This decision was made during the 18th session of the Intangible Cultural Heritage Committee, held on December 4-9 in Kasane (Botswana), which was attended by the kingdom’s Ambassador and Permanent Delegate to UNESCO and Vice-President of the Committee, Samir Addahre, and a delegation from the Ministry of Youth, Culture and Communication, led by its Secretary General, Samira Malizi.
This decision is "a recognition by the international community of the efforts made by the Kingdom, in accordance with the far-sighted Vision of His Majesty King Mohammed VI, for the preservation and promotion of Moroccan cultural heritage, with the active contribution of communities of Moroccan artists who have endeavored for the intergenerational transmission of this form of centuries-old popular Moroccan poetic-musical expression," Morocco’s permanent delegation to UNESCO said in a press release.
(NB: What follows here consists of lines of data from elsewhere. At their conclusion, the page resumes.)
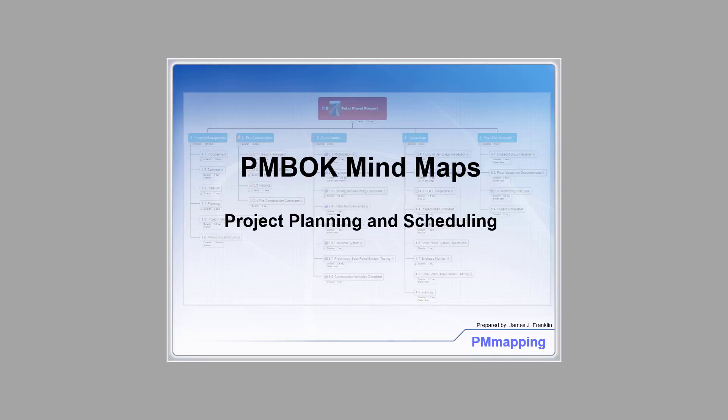Welcome. This video provides an overview of the PMBOK Mind Map. This is Jim Franklin of PM Mapping. The benefit of the PMBOK Mind Maps is that it provides an excellent summary of the process groups, the knowledge areas, and the outputs. You'll be able to review these Mind Maps and quickly understand the relationships.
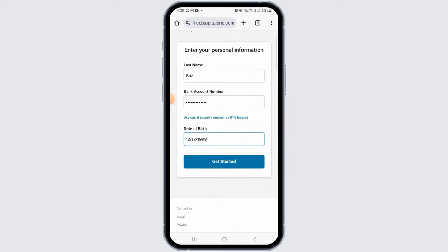All you want to do now is follow the on-screen prompts and then your new account will be successfully created. And that's it for this video — if you found it helpful, please make sure to hit the like button and subscribe for more videos like this.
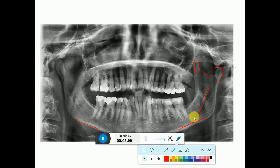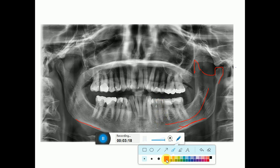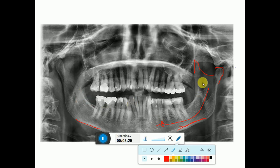This is the inferior alveolar nerve canal, running up to here, and this is the mental foramen, which is present at the apex of the second premolar. From here the mental nerve will come out. That covers the mandible structures.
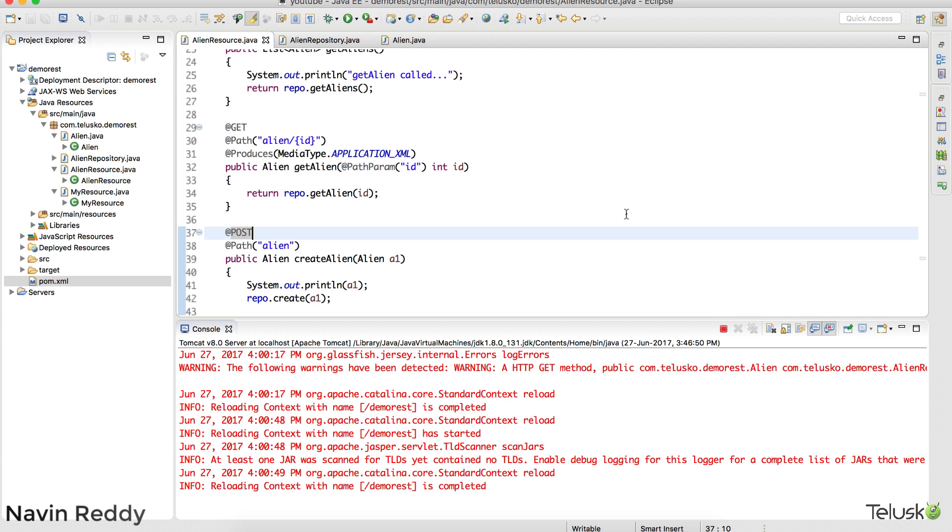Now let's see how do we return a JSON format. Because till this point we have returned XML format and we were happy with it, but most of the people nowadays are using JSON. So how do you return a JSON value?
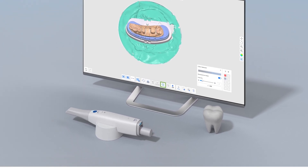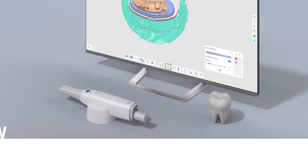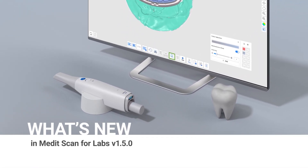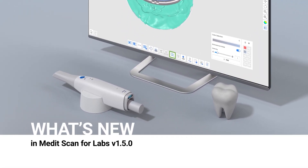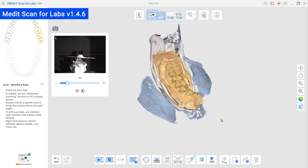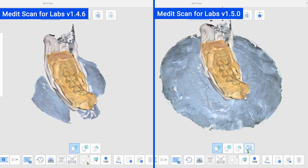We'd like to introduce the updated version of MeditScan for Labs. First, let's look at the newly added feature: the color selection.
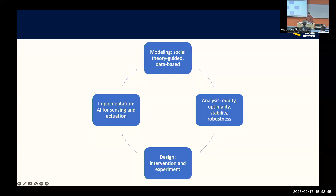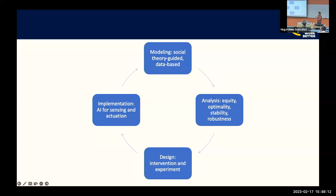I'm going to go rather fast over some of these applications, but I'm happy to chat afterwards if you want to discuss the math or methods in depth. These applications will have to do with alcohol abuse, resilient cooperation in low income settings, mental health, and early childhood education towards the end.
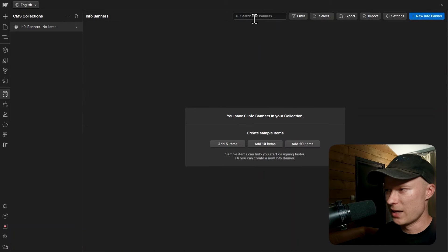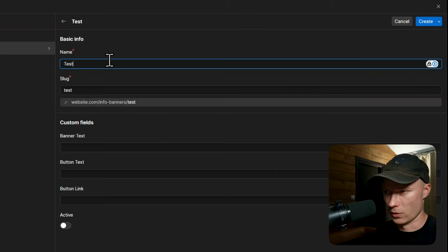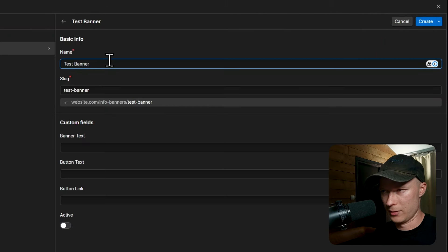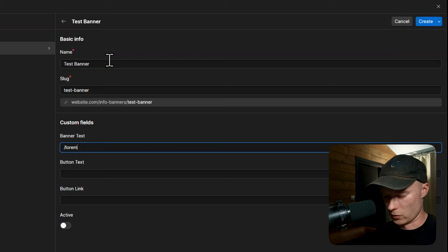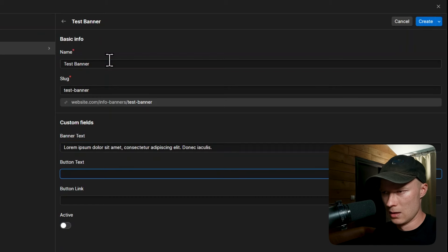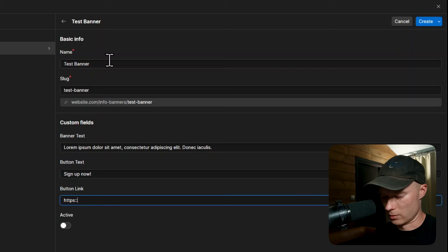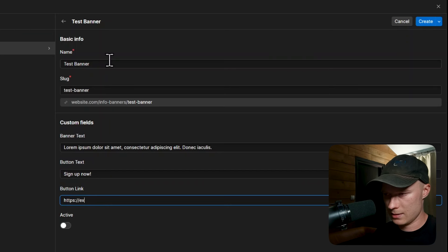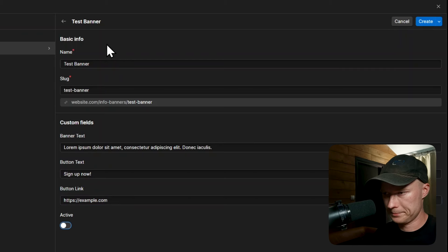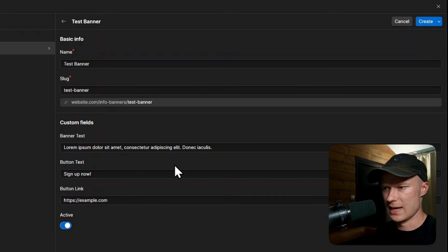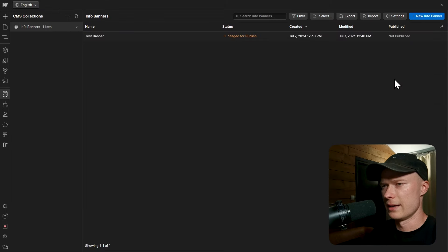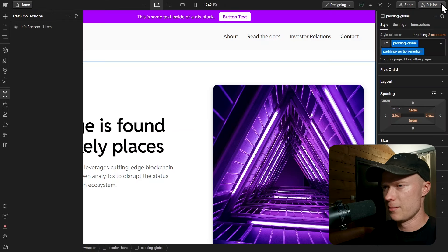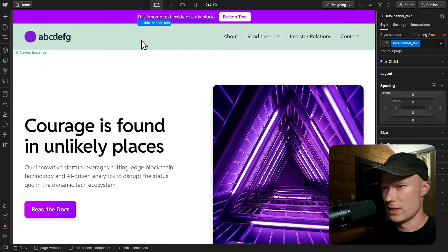I click create collection and immediately create the first info banner item. I name it test banner, add some placeholder banner text, set button text to sign up now, set the button link to https://example.com, turn the active switch on, and click create. Now we have this banner and I can close the CMS and connect it to the actual page.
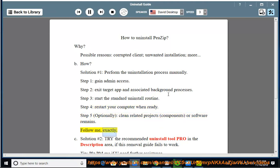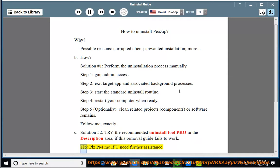Follow me exactly. See Solution number 2: Try the recommended uninstall tool listed in the description area if this removal guide fails to work. Tip: Please PM me if you need further assistance.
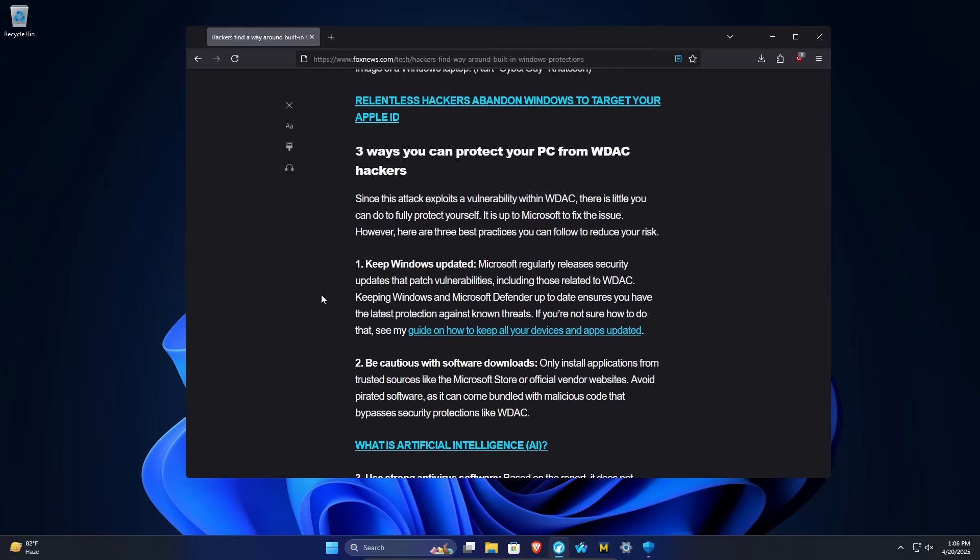Now, what can you do to protect yourself? This article does point out there is little you can do to protect yourself simply because it's up to Microsoft to fix these issues. But just some general good practices. For example, obviously you'll want to update and keep Windows up to date. So as soon as they do patch this issue, you will be protected.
Thanks to the wisdom transmitted by its poems, Malhoun constitutes the memory which constructs Morocco’s history and the bridge between its past and present, making its continued and future promotion necessary by considering it as a starting point for an intellectual journey linking the different eras of the Kingdom, the same source noted.
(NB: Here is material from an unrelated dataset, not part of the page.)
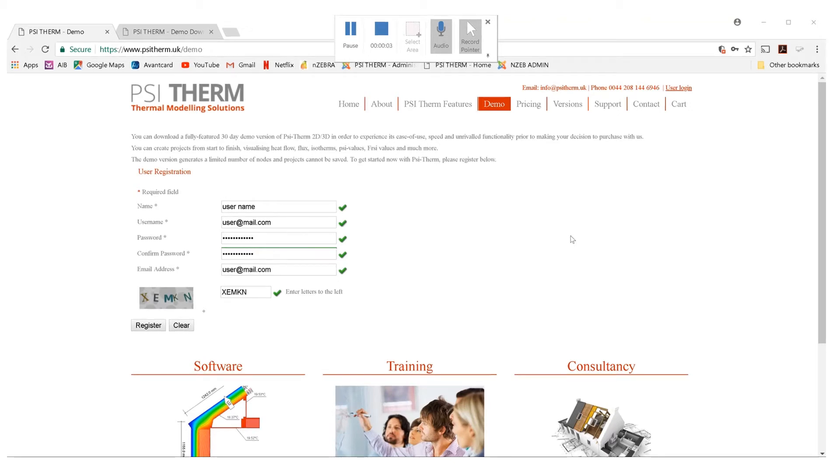Hi and welcome to this video on how to download and install Cytherm on your computer. The first thing you need to do is go to www.cytherm.uk slash demo.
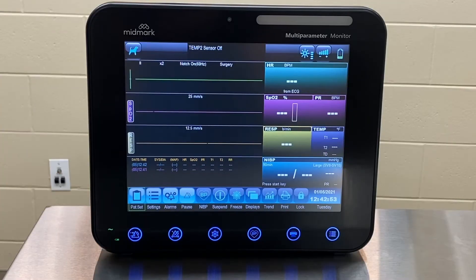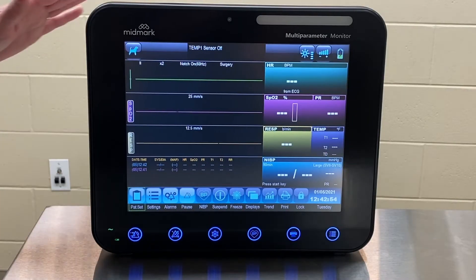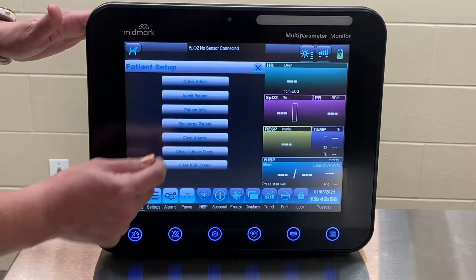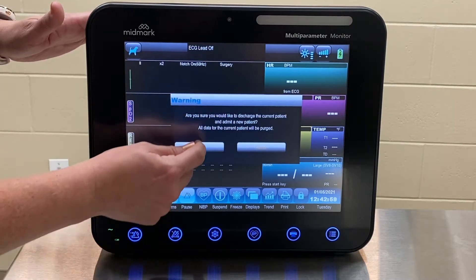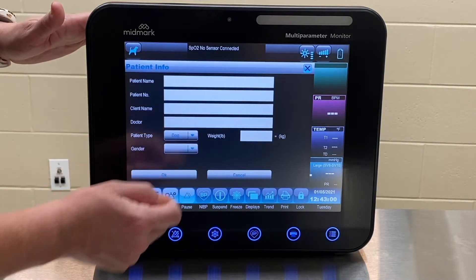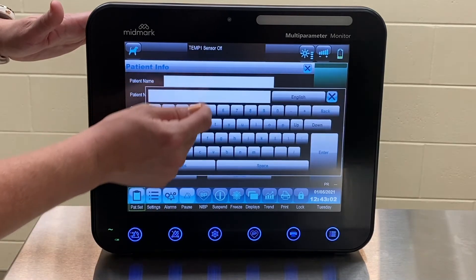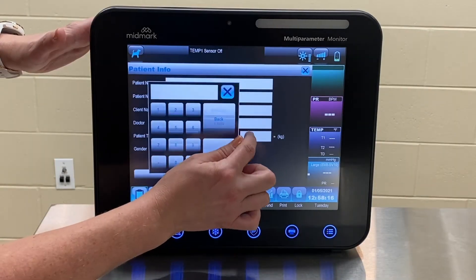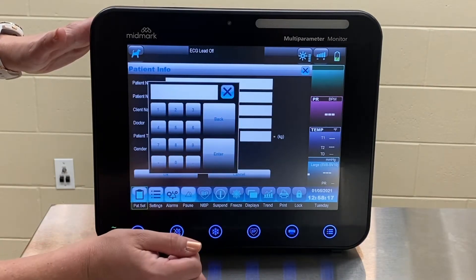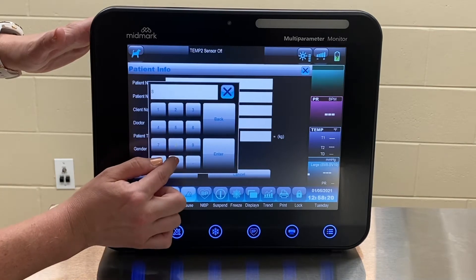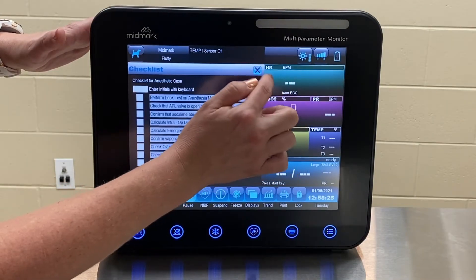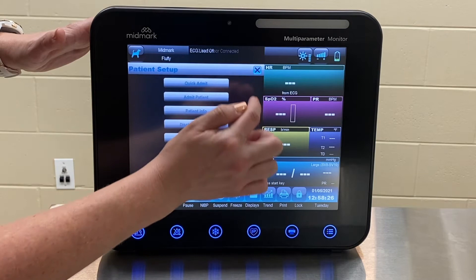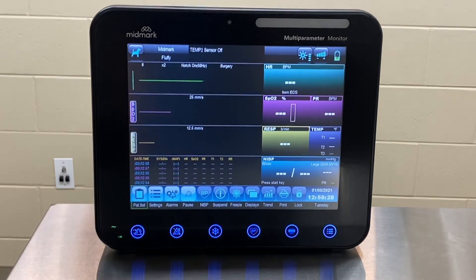To enter new patient data, press Patient Setup and select Admit Patient. Select OK on the pop-up box. This will clear out the previous patient information prior to admitting a new patient. Next, enter your patient information and press OK to save. To return to the main screen, press X in the upper right corner.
The celebration of this decision was marked by the presentation to UNESCO by the Moroccan Delegation of a box set of the Malhoun anthology tracing the different forms of this poetic and musical expression throughout Morocco’s regions, the permanent delegation added.
In the nomination presented to UNESCO Intangible Cultural Heritage Committee, Malhoun is defined as a popular form of poetic expression that is sung. It is an art of versification based on a language, mainly dialectal Arabic and sometimes Hebrew, directly drawn from daily life, developed according to a specific type of poetic metre. The poems are sung in a melody that gives the words and the narration their full importance.
Historical sources agree that Tafilalet, a region in southeast Morocco, was the historical origin of Malhun dating back to at least the tenth century. It may have emerged in zawiyas, religious orders and places for those of faith, before spreading to all other strata of society, notably craftspeople. Malhun spread to urban centres starting in the 16th century. In the 20th century and in recent decades, the elite and members of the Academy of the Kingdom of Morocco have also taken an interest in it.
The texts of the old masters were transmitted through the perpetuation of an oral memory and, later, through transcription. Malhun poems touch on all areas of life, sacred and secular. It is based on forms and themes that favour poetic imagery and narration built on musicality and melody played on traditional instruments, notably the lute, the violin, the rebab and small drums.
Singing about love and the joys of life, the beauty of women and nature, religious prayer and pleas, pleasure and merrymaking, gastronomy and imaginary journeys, political events and social issues, etc., Malhun combines vocals, song, theatrics, metaphor and symbolism in a festive atmosphere of sharing involving all Moroccans, Muslims and Jews.